Alejandro Vallejo posted 2 patches 1 month, 2 weeks ago
[PATCH v4 1/2] x86/fpu: Combine fpu_ctxt and xsave_area in arch_vcpu
Posted by Alejandro Vallejo 1 month, 2 weeks ago
fpu_ctxt is either a pointer to the legacy x87/SSE save area (used by FXSAVE) or
a pointer aliased with xsave_area that points to its fpu_sse subfield. Such
subfield is at the base and is identical in size and layout to the legacy
buffer.

This patch merges the 2 pointers in the arch_vcpu into a single XSAVE area.

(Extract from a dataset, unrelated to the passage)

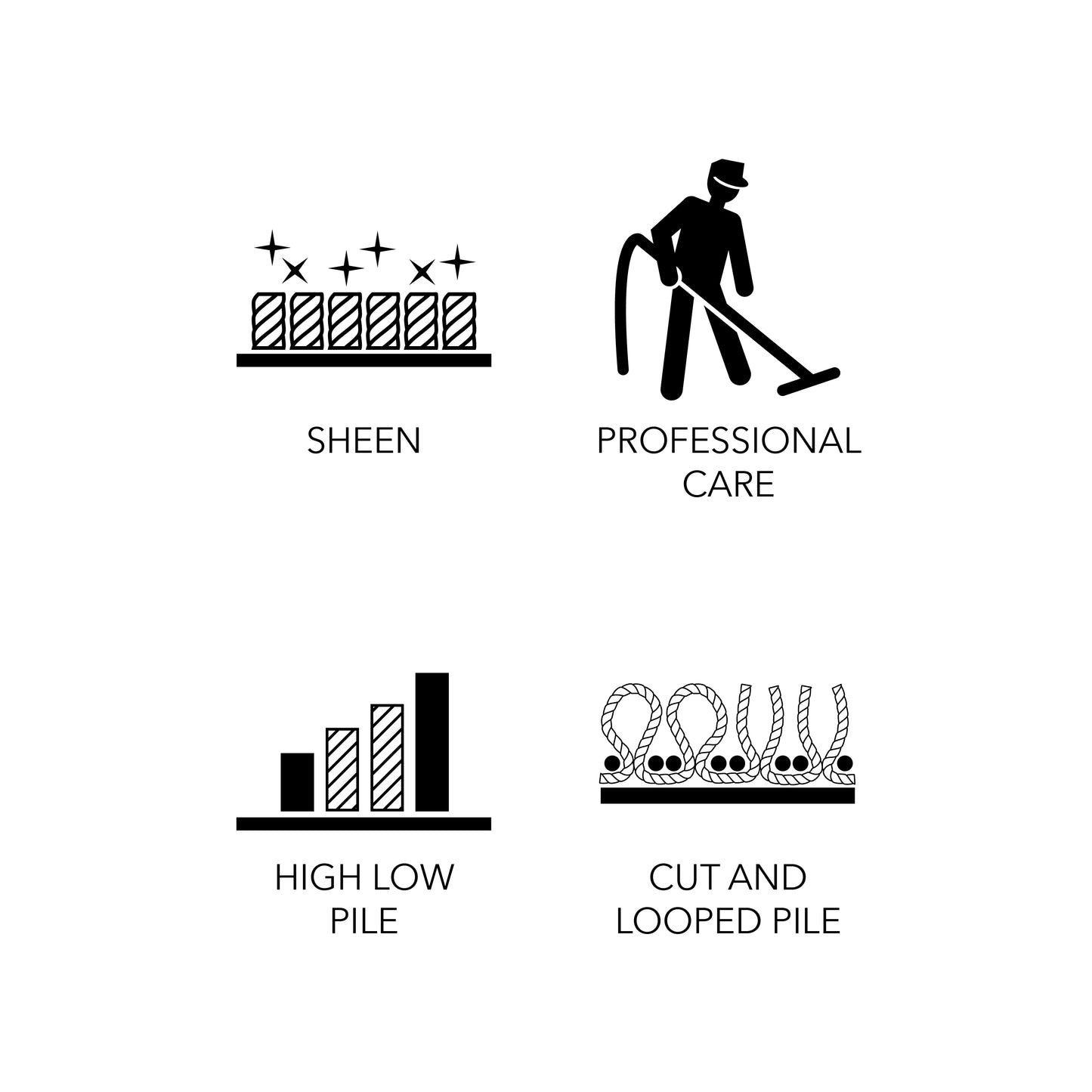 Taunton Transitional/Casual Gold/Gray Runner Feizy Rugs Small Parcel,Feizy Rugs,Taunton,Gold/Gray,2'9" x 8',Runner,Viscose/Wool,Transitional/Casual,India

In
the very rare case in which the host doesn't support XSAVE all we're doing is
wasting a tiny amount of memory and trading those for a lot more simplicity in
the code.

While at it, dedup the setup logic in vcpu_init_fpu() and integrate it
into xstate_alloc_save_area().

Signed-off-by: Alejandro Vallejo <alejandro.vallejo@cloud.com>
--
v4:
  * Amend commit message with extra note about deduping vcpu_init_fpu()
  * Remove comment on top of cpu_user_regs (though I really think there
    ought to be a credible one, in one form or another).
  * Remove cast from blk.c so FXSAVE_AREA is "void *"
  * Simplify comment in xstate_alloc_save_area() for the "host has no
    XSAVE" case.
---
 xen/arch/x86/domctl.c             |  6 ++++-
 xen/arch/x86/hvm/emulate.c        |  4 +--
 xen/arch/x86/hvm/hvm.c            |  6 ++++-
 xen/arch/x86/i387.c               | 45 +++++--------------------------
 xen/arch/x86/include/asm/domain.h |  6 -----
 xen/arch/x86/x86_emulate/blk.c    |  2 +-
 xen/arch/x86/xstate.c             | 12 ++++++---
 7 files changed, 28 insertions(+), 53 deletions(-)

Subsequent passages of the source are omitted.